Compra oltretutto non a sconto, ma riconoscendo al venditore un piccolo premio (5%), accettato rapidissimamente (in soli nove minuti) con offerte fotocopia da quattro soggetti: Caltagirone, Delfin, Bpm e Anima. Una vendita in famiglia, visto che sia Akros sia Anima sono controllate da Bpm. A questo punto, Montepaschi diventa lo strumento di Caltagirone-Delfin per assaltare Mediobanca, con il lancio (24 gennaio 2025) di un’offerta pubblica di scambio (ops). Anche Unicredit tenta di comprare da Akros un 10% di azioni Montepaschi, ma non ottiene risposta: per reazione, lancia una ops su Bpm, contrastata dal governo.
Per capire davvero questa vicenda è necessario considerare gli interventi del governo, che un professionista vicino a Mediobanca definisce “il terzo concertista” accanto a Caltagirone e Delfin. Interviene nel 2024 con la “legge capitali”, che permette a Caltagirone e Delfin di aumentare i loro rappresentanti dentro i cda di Mediobanca e Generali. Poi – cruciale secondo l’esposto – è l’operazione Abb che permette a Caltagirone-Delfin-Bpm di acquisire il controllo di Montepaschi e quindi partire all’assalto di Mediobanca.

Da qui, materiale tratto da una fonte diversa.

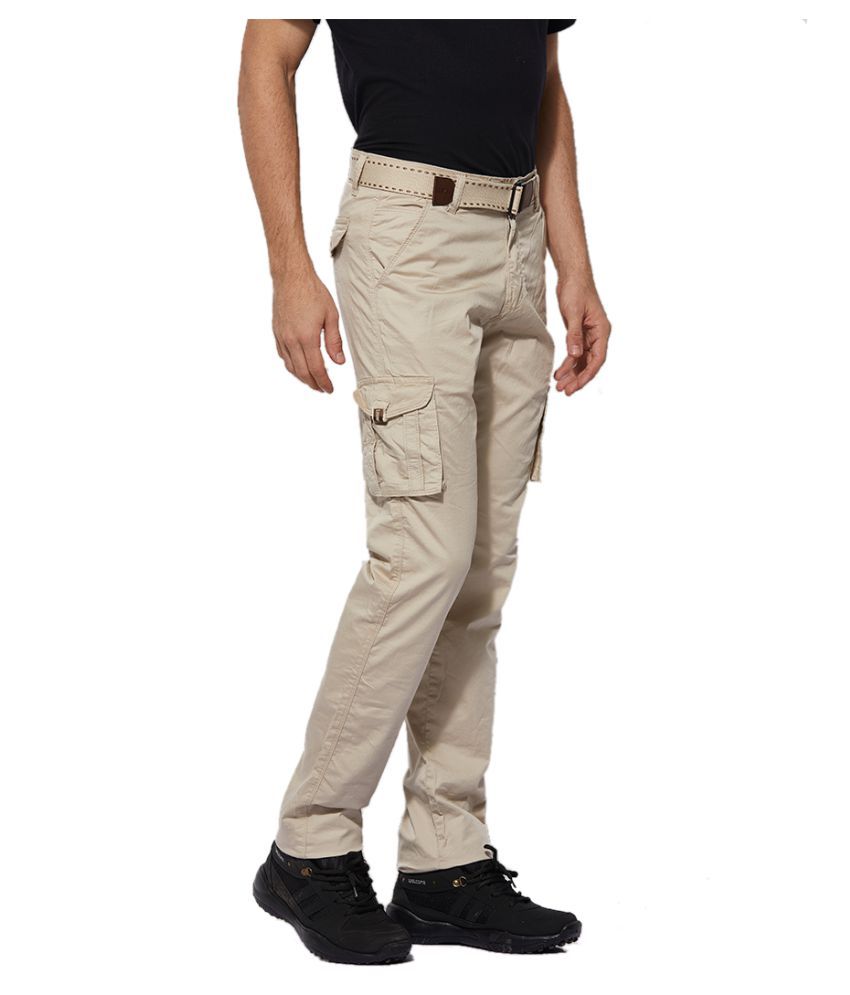 beige cargos men's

Alla partita partecipano, schierandosi con Caltagirone-Delfin, anche le casse di previdenza (Enasarco, Enpam, Cassa forense) ai cui vertici sono insediati uomini vicini al governo Meloni. Il prossimo appuntamento: lunedì 16 giugno, quando l’assemblea di Mediobanca dovrà votare la contromossa di Nagel, la ops lanciata il 28 aprile su Banca Generali per sfuggire all’assalto di Mps. (Il Fatto quotidiano, 14 giugno 2025)
Vigilia d’attesa
per l’assemblea Mediobanca
del 16 giugno
Come alla vigilia di una finale di Champions, il mondo finanziario e politico ha tutti gli occhi puntati sull’assemblea di Mediobanca di lunedì 16 giugno, che dovrà approvare o respingere l’operazione proposta dal ceo Alberto Nagel, lo scambio tra il 50,02% di Banca Generali con il 6,5% di azioni Generali che Mediobanca ha in portafoglio.

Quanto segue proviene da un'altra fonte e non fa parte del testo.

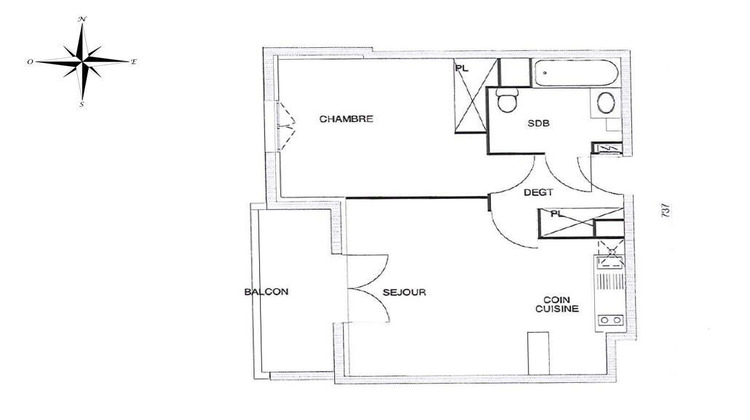 Ma-Cabane - Vente Appartement La Rivière-Saint-Sauveur, 42 m²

È la risposta di Nagel all’assalto a piazzetta Cuccia lanciato da Montepaschi, con alle spalle come registi il gruppo Caltagirone e Delfin (la holding della famiglia Del Vecchio). Incerto l’esito della partita, in un’assemblea a cui parteciperà più dell’80% del capitale, con la necessità dunque di conquistare più del 40% dei voti.

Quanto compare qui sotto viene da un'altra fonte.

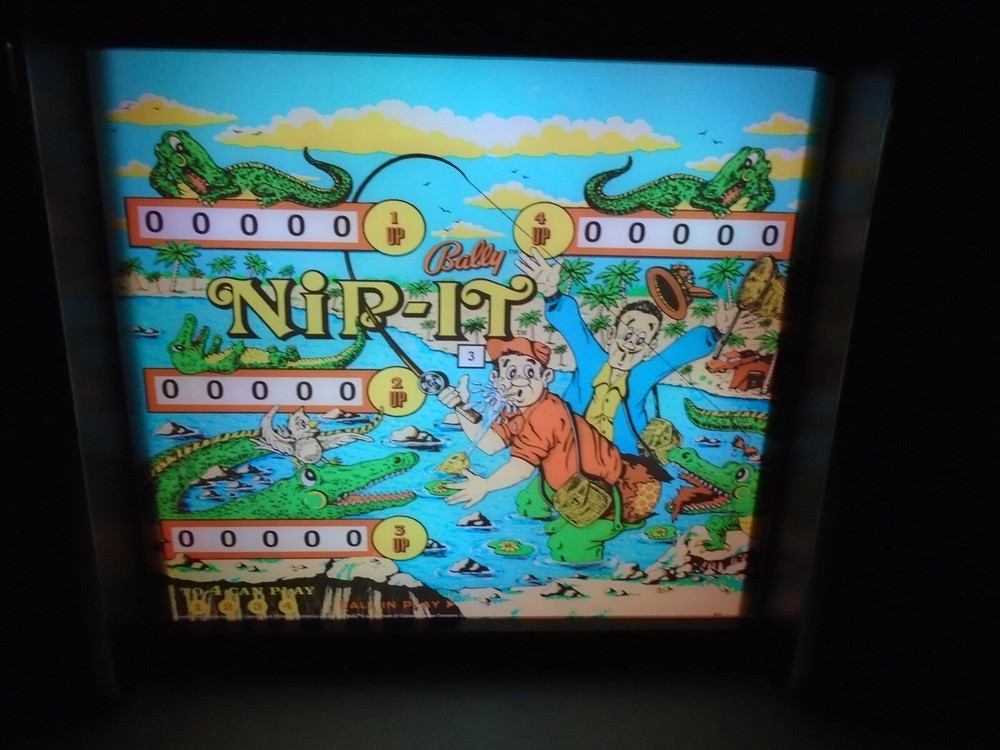 Bally Nip It Pinball Head LED Display light box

Il clima è infuocato per le accuse di “concerto” rivolte dagli attuali vertici di Mediobanca e di Generali a Caltagirone-Delfin-Bpm, che sotto lo sguardo benevolo del governo Meloni sostengono invece l’offerta pubblica di scambio lanciata da Montepaschi con l’obiettivo di conquistare Mediobanca per poi controllare anche Generali.
Con Nagel sono schierati gli investitori istituzionali. Potrebbero invece votare no o astenersi, schierandosi con Caltagirone, Unicredit (1,9%), che pure aveva segnalato a Consob, come anche Mediobanca e Generali, il possibile “concerto” di Caltagirone-Delfin, su cui sta indagando la Procura di Milano. Secondo le norme europee, per configurare un “concerto” sarebbero sufficienti comportamenti paralleli e coincidenti ripetuti nel tempo, come acquisti di azioni, voti nelle assemblee e nei cda, anche senza la scoperta di un patto occulto formale.
Con il fronte Caltagirone (9,9%) e Delfin (19,8%) sono schierati JpMorgan e Jefferies (2%), come pure le casse previdenziali Enpam, Enasarco e Cassa forense, che con gli acquisti di azioni Mediobanca delle ultime settimane, al massimo dei prezzi, hanno circa tra il 5 e il 6%. Ancora sconosciuta l’intenzione di voto del gruppo Benetton (2,2%). (Il Fatto quotidiano, 15 giugno 2024)
Domenica 15 giugno, una nota di Mediobanca ha comunicato che l’assemblea è spostata al 25 settembre.